Keywords: Natural Language Processing, Information extraction

This project was a part of the project "Culture Grid - Dunhuang" in Knowledge Grid Group. "Dunhuang" is an important tourist attraction and the subject of lots of ongoing archaeological projects. The goal of "Culture Grid" is to manage the continuous research progress in Archaeology research and improve the sociologists' collaboration. Since most manuscripts are written in classical Chinese, my work was to implement the information extraction in classical Chinese.

memory impairment detection

In English and many other languages using some form of the Latin alphabet, the space is a good approximation of a word delimiter.
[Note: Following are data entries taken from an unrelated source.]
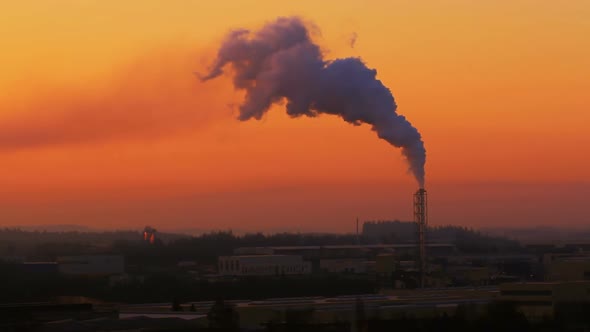Sunrise silhouette of smoking factory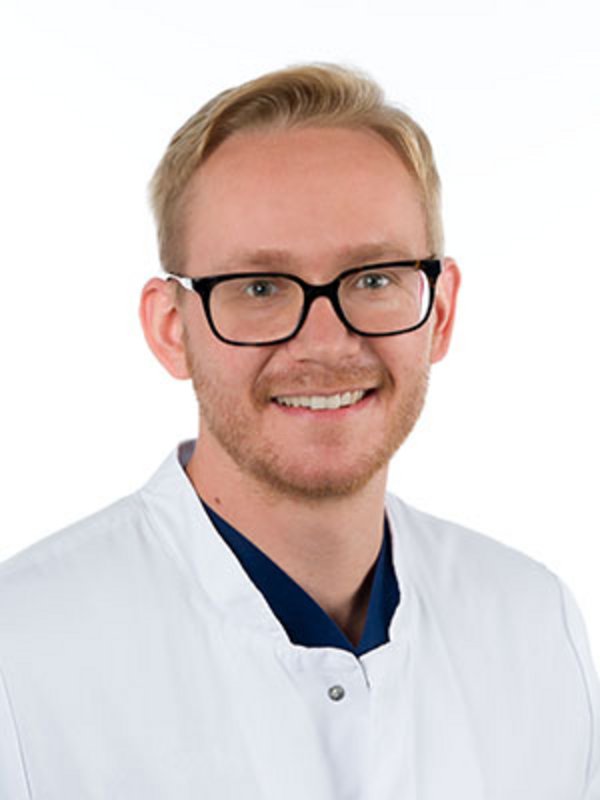 UKM Medizinische Klinik A | Lucas Brehm | Er trägt eine dunkle Brille, einen weißen Kittel und lächelt in die Kamera.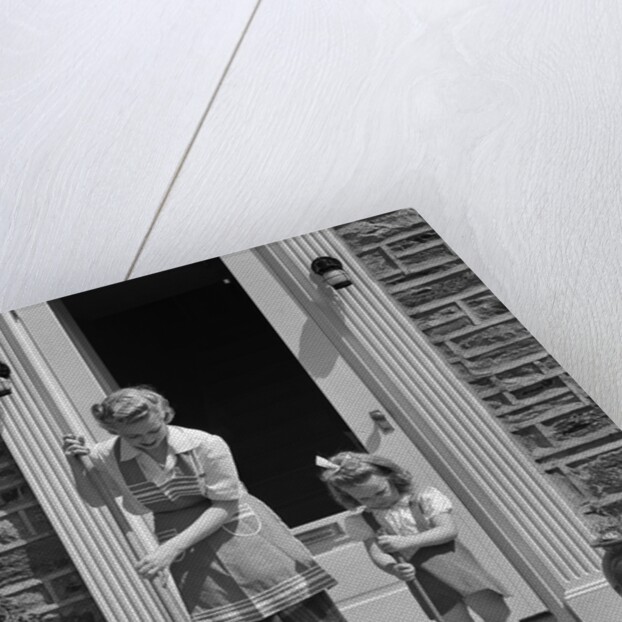 1940s Mother And Daughter Sweeping Sidewalk In Front Of Home by Anonymous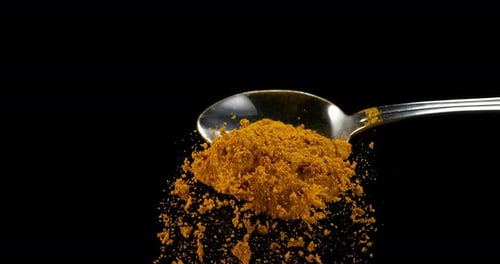 Spoon and Curry Powder falling against Black Background, Slow motion 4K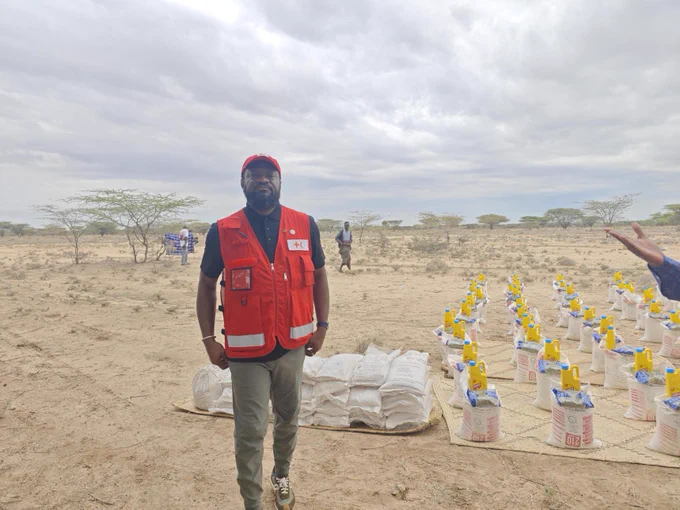 A person is standing in an arid landscape wearing a red vest with the International Federation of Red Cross and Red Crescent Societies logo. Nearby, there are arranged supplies, possibly for distribution. The sky is overcast.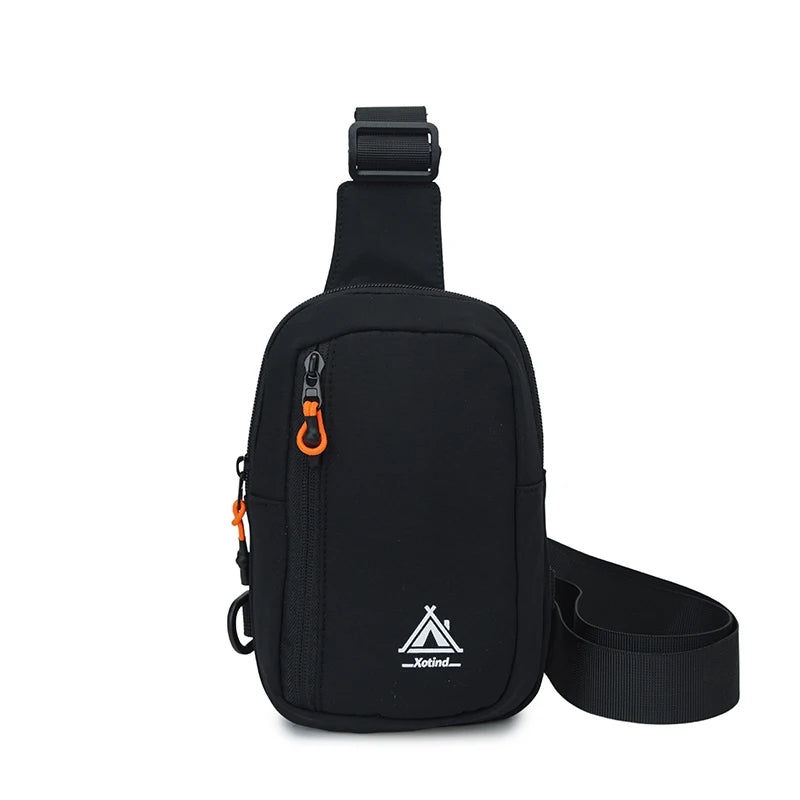 Black water-resistant nylon chest sling bag with a strap and carabiner clip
However the equivalent to this character is not found in Chinese. Chinese word segmentation is challenging because it is often difficult to define what constitutes a word in Chinese.

For example: How to phrase this sentence:
"请将军服装入袋中" ?
"请/将军/服装/入/袋中" or "请/将/军服/装入/袋中"?
In fact, even google couldn't phrase correctly. Check the Google's result here.


Considering it's impossible to build a statistical corpus for that special language, I built my solution based on multi-layer HMM and used the statistical method for supplement.

Here is an example of processing:
1. Pre Segmentation =>
始##始 /王/晓/平/在/12/月/份/滦/南/大/会/上/说/的/确/实/在/理/末##末.
Extracted the number, english words and special symbols in a sentence.

2. Professional word detect. =>
始##始 /王/晓/平/在/12/月/份/滦南/大/会/上/说/的/确/实/在/理/末##末.
Some special words are common in the classical Chinese like "乙丑年","滦南".

3. Forward maximum matching segmentation. =>
始##始 /王/晓/平/在/12/月份/滦南/大/会/上/说/的/确实/在理/末##末.

4. NShortPath segmentation. => 始##始 /王/晓/平/在/12/月份/滦南/大会/上/说/的/确实/在理/末##末.
Applied the statistical model for modern language to classical Chinese.

5. Time and name entities detection. =>
始##始 /王晓平/在/12月份/滦南/大会/上/说/的/确实/在理/末##末.

The final result is: 始##始 /王晓平/在/12月份/滦南/大会/上/说/的/确实/在理/末##末.